──────── The records

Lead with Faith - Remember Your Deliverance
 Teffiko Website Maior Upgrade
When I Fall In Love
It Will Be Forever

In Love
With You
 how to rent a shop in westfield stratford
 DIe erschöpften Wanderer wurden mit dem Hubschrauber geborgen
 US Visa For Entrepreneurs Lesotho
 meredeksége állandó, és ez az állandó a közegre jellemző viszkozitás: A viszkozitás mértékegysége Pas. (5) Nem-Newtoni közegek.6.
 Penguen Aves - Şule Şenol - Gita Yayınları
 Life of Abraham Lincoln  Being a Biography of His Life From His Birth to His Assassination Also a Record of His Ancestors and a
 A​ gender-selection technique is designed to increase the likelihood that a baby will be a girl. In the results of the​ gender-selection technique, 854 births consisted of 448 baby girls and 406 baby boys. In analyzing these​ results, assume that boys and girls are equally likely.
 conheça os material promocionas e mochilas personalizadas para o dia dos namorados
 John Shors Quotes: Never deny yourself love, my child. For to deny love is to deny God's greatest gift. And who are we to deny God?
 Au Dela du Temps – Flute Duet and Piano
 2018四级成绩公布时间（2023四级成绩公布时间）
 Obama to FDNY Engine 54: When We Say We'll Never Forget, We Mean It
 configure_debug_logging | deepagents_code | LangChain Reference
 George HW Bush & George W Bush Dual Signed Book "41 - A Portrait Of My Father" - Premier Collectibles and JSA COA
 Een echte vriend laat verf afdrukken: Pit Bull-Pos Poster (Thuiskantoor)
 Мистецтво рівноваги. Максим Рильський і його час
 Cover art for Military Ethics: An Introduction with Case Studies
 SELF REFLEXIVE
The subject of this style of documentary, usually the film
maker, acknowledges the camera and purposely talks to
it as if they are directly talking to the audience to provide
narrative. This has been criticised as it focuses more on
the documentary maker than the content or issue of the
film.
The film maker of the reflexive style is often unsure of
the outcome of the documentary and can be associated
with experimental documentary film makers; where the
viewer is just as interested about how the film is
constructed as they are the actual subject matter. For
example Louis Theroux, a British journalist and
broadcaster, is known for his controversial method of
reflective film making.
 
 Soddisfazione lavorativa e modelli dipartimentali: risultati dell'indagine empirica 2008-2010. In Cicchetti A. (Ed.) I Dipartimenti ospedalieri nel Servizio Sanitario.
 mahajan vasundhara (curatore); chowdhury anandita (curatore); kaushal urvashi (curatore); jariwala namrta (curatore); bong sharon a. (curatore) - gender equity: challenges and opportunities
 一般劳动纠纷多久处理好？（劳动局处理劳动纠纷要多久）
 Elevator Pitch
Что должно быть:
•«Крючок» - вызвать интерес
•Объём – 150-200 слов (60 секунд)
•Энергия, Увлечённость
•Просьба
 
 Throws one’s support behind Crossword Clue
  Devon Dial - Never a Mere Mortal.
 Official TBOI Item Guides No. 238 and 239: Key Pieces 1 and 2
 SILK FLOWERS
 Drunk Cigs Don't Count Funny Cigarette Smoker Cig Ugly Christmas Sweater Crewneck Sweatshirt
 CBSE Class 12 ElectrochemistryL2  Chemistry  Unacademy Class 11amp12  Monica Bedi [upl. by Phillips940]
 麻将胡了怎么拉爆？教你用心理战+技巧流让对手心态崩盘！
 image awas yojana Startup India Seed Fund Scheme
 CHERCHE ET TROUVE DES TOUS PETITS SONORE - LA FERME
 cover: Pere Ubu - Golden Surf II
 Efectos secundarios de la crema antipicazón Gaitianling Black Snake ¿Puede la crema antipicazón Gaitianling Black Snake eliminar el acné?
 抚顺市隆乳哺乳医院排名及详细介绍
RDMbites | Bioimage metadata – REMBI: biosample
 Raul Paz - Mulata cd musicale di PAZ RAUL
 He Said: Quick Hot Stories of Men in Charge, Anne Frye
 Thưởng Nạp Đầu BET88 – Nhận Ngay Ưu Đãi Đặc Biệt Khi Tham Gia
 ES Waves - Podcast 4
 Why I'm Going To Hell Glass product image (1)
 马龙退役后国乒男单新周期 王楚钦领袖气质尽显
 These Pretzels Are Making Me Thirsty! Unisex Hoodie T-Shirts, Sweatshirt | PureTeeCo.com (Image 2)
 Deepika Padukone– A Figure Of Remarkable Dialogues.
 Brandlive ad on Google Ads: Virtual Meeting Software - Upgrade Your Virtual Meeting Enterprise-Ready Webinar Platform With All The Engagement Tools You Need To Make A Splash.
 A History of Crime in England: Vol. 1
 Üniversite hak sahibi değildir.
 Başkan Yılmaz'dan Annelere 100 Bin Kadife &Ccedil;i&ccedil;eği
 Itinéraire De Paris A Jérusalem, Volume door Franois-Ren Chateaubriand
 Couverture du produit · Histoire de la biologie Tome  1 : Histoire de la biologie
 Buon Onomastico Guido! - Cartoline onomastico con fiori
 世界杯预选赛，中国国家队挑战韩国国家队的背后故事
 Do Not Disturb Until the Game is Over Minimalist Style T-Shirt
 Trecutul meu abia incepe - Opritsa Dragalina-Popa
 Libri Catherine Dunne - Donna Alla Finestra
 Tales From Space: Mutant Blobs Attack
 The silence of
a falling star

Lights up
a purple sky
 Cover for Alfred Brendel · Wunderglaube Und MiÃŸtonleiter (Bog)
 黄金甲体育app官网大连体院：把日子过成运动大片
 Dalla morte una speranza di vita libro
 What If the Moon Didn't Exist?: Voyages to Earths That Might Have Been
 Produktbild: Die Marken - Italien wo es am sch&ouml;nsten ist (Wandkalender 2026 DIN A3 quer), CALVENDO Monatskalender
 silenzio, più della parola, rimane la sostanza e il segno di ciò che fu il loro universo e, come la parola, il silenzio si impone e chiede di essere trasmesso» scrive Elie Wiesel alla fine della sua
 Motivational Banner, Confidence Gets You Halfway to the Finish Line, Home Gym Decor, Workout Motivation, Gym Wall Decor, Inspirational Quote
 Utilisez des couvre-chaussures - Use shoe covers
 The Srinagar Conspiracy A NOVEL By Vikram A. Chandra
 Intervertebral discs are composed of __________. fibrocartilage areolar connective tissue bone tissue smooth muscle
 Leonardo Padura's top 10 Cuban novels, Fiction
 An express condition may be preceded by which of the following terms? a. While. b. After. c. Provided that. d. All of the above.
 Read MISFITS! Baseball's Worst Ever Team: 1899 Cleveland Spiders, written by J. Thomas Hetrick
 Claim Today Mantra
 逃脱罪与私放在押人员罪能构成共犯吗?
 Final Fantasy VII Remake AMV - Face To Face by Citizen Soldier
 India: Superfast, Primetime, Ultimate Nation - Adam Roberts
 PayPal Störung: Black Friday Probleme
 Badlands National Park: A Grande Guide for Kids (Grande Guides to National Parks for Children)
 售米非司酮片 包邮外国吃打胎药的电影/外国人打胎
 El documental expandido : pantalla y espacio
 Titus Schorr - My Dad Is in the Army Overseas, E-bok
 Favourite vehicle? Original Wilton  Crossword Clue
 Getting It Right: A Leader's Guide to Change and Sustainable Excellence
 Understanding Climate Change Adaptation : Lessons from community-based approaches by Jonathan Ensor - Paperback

────────────────

• _What needs to be done_: Go line by line through the material above and return each one that includes "Clue".

• _Written solution_:
 Throws one’s support behind Crossword Clue
 Favourite vehicle? Original Wilton  Crossword Clue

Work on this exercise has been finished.